→ **WHAT THE TASK REQUIRES**
Exactly as they appear, write the lines from the one containing "Lémur à front roux - 2013" to the final line of the entries, leaving pictures out.

[Caption-style text data]
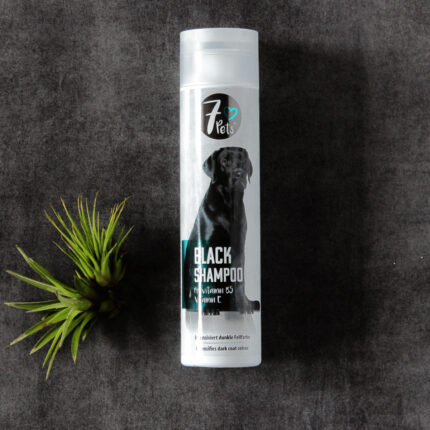 Black Shampoo angenehmer Duft
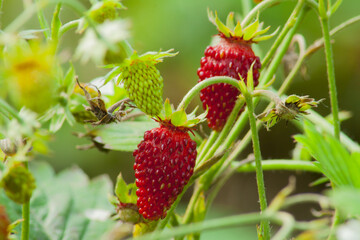 A red and ripe wild strawberry hanging on a green bush and waiting to be picked.
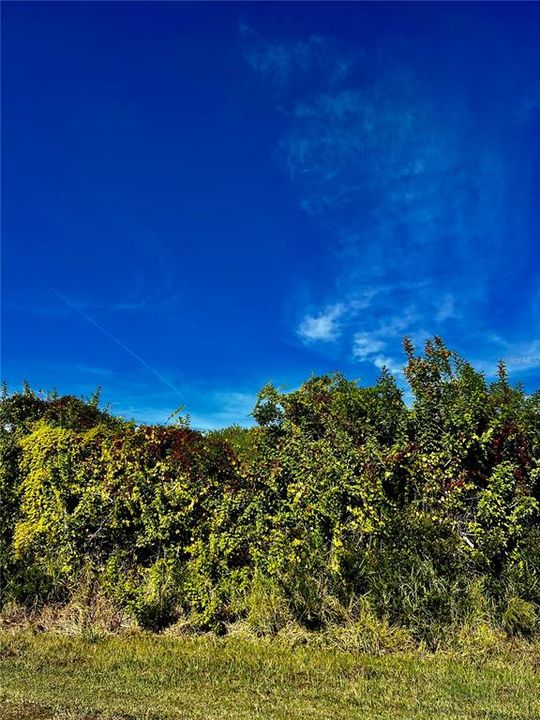 En Venta: $55,000 (0.46 acres)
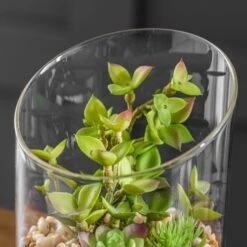 Artificial Succulent Garden In Sand Glass Terrarium -Dunelm Store 1000183134 alt02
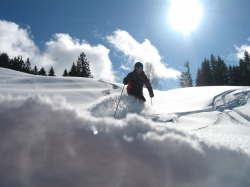 Tiefschnee-Skifahrer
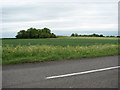 Spinney in cultivated field in Gayton & Grimston Ward
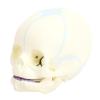 ACOGEDO Life-Size Human Infant Skull Model, PVC Fetal Anatomy Model for Medical Teaching, Learning, Students, Education and Display view 1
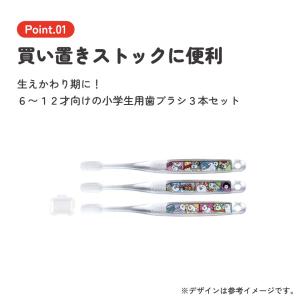 スケーター 歯ブラシ 子供 セット こども 3...の詳細画像2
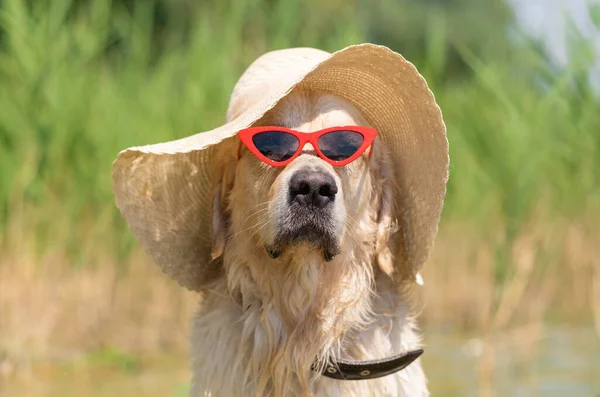 Dog in a straw sun hat and red glasses on the beach. Golden Retriever swims in the river. Local holiday concept with pets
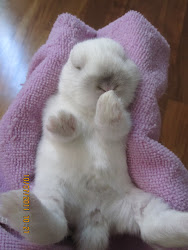 and lotsa kisses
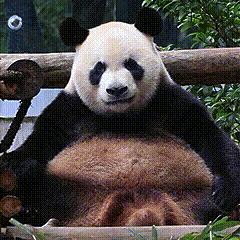 聊天必备表情包第487弹黑白小圆子（拿图吱声） ​​​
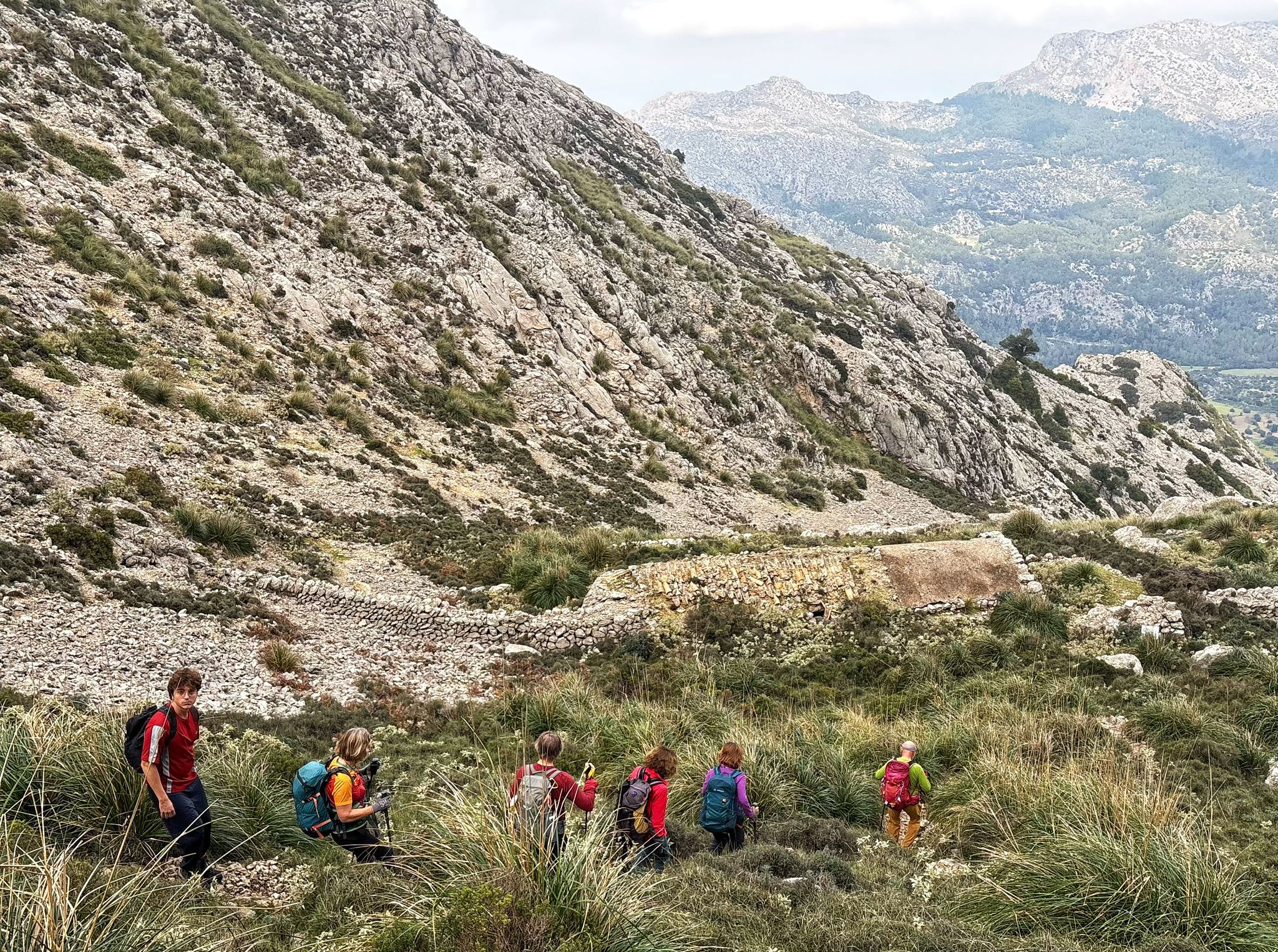 Imatge per al bloc 4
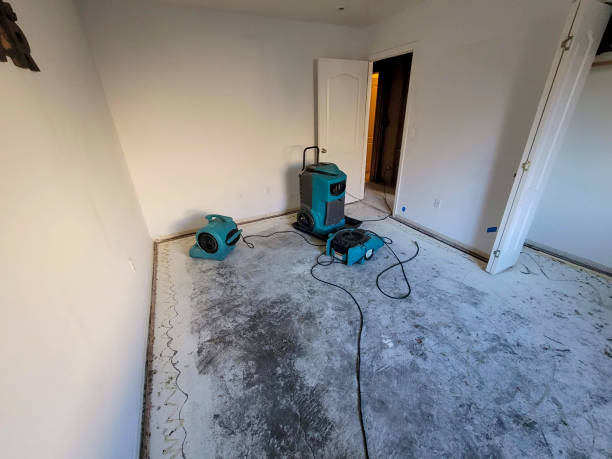 Best Flood damage cleanup  in Highland Acres, DE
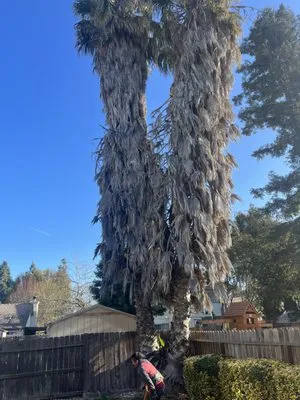 Perez Landscaping Logo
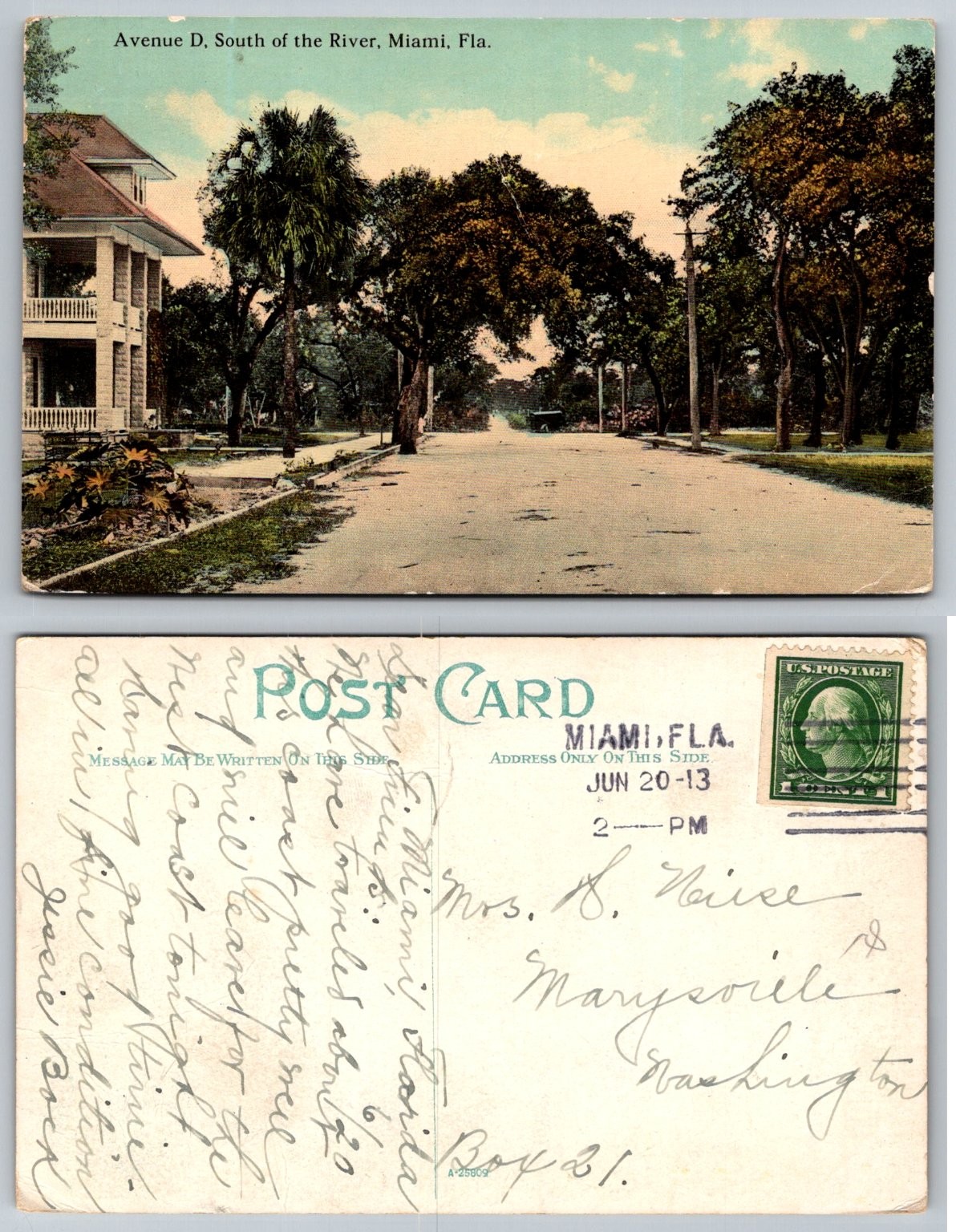Avenue D Miami Florida 1913 Postcard Historic Palm Lined Street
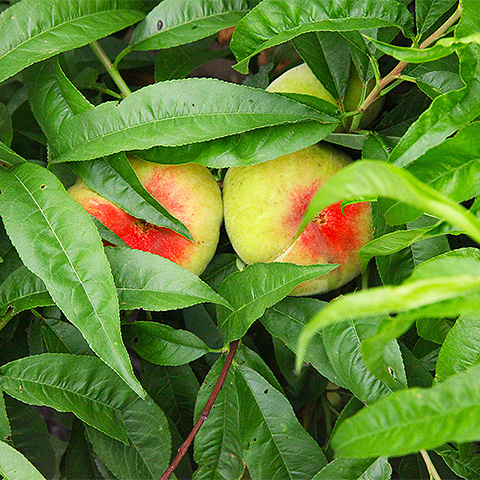 domestic fruit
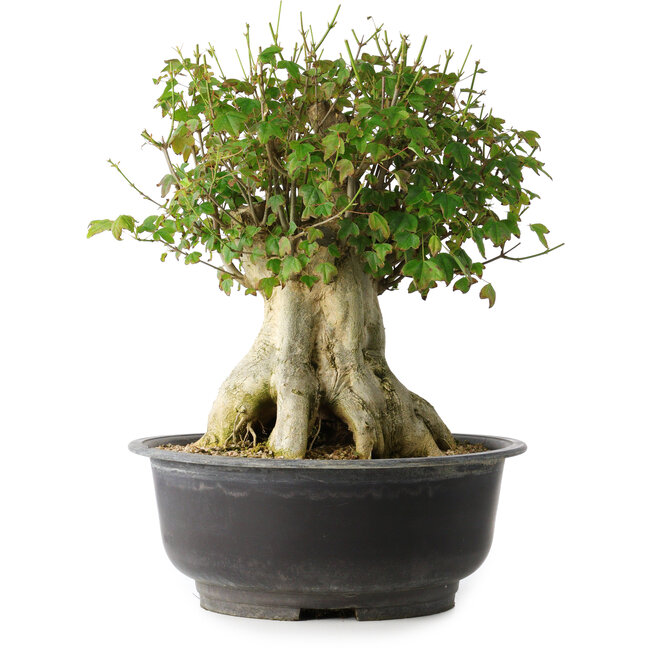 Acer buergerianum, 36,5 cm, ± 35 Jahre alt, mit einem Nebari von 19 cm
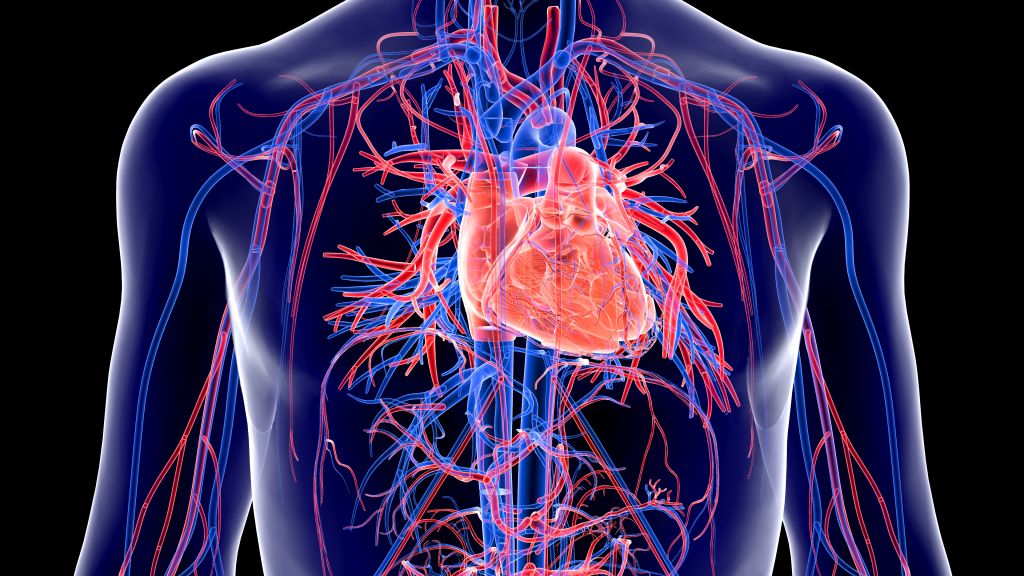 Circulatory system illustrating 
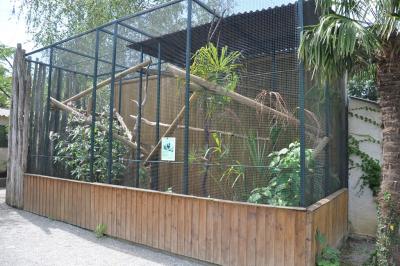 Lémur à front roux - 2013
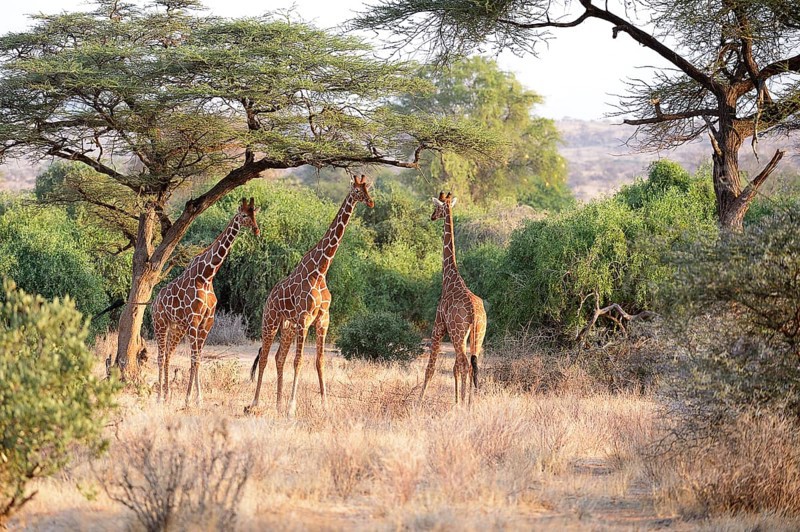 Reticulated Giraffe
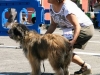 caninaasturianatrubia2014-28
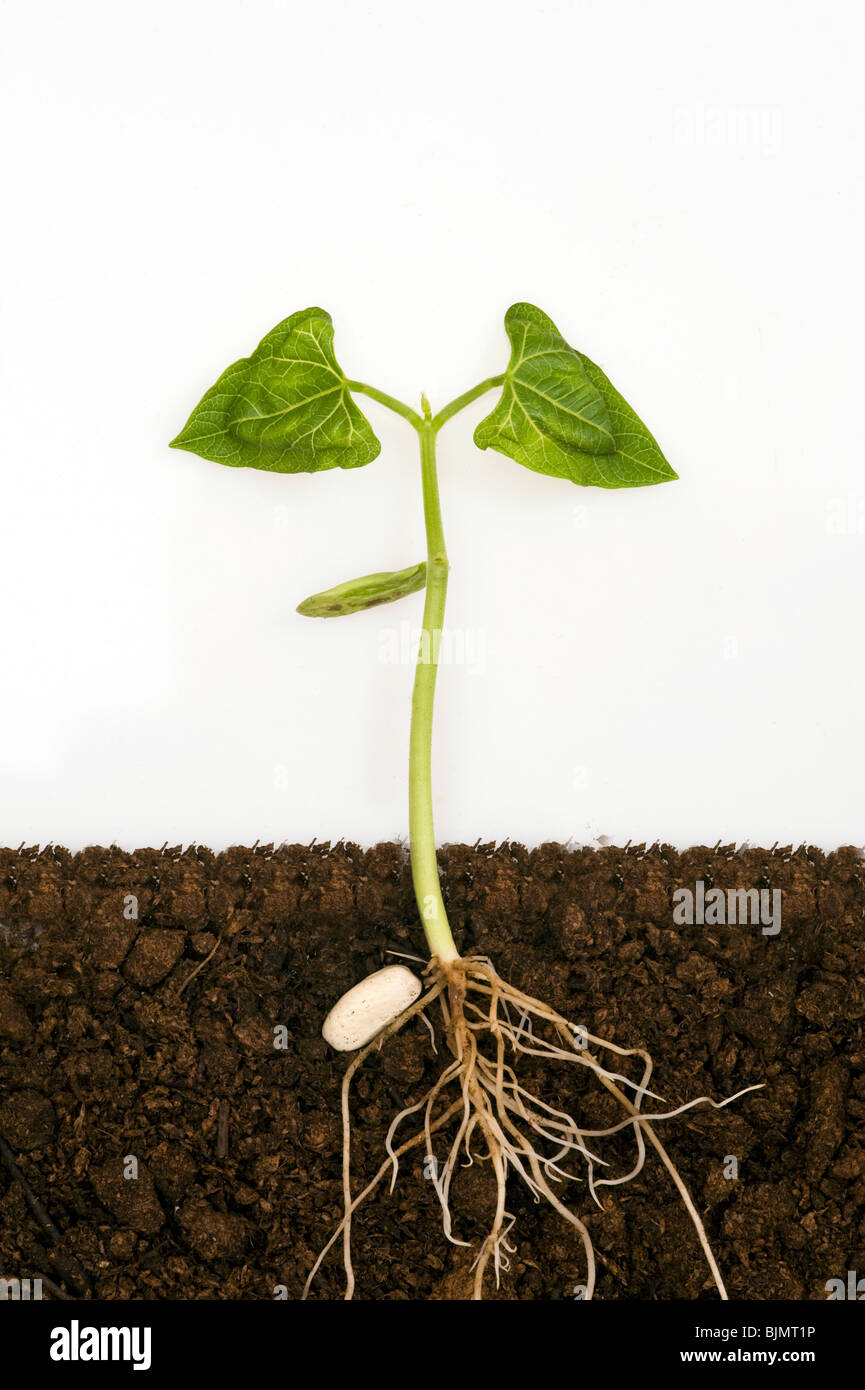 Phaseolus vulgaris french bean seedling showing legume seed shoots roots below ground level in compost against white background Stock Photo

→ **RESULT FOR THIS EXERCISE**
 Lémur à front roux - 2013
 Reticulated Giraffe
 caninaasturianatrubia2014-28
 Phaseolus vulgaris french bean seedling showing legume seed shoots roots below ground level in compost against white background Stock Photo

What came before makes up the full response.